What you return should be exactly the lines from the one containing "Imagen 7 de" down to the final line of the listing, with nothing else.

- - - - -

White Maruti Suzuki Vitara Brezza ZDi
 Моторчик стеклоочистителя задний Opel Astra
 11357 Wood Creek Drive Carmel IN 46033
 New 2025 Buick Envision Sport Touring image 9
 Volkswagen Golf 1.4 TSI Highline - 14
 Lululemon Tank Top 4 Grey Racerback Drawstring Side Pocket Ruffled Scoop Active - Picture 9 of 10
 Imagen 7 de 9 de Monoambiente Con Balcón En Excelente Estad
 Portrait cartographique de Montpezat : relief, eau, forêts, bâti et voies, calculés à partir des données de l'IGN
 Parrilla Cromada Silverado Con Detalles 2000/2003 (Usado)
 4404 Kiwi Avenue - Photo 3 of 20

- - - - -

#### FINISHED TASK:
 Imagen 7 de 9 de Monoambiente Con Balcón En Excelente Estad
 Portrait cartographique de Montpezat : relief, eau, forêts, bâti et voies, calculés à partir des données de l'IGN
 Parrilla Cromada Silverado Con Detalles 2000/2003 (Usado)
 4404 Kiwi Avenue - Photo 3 of 20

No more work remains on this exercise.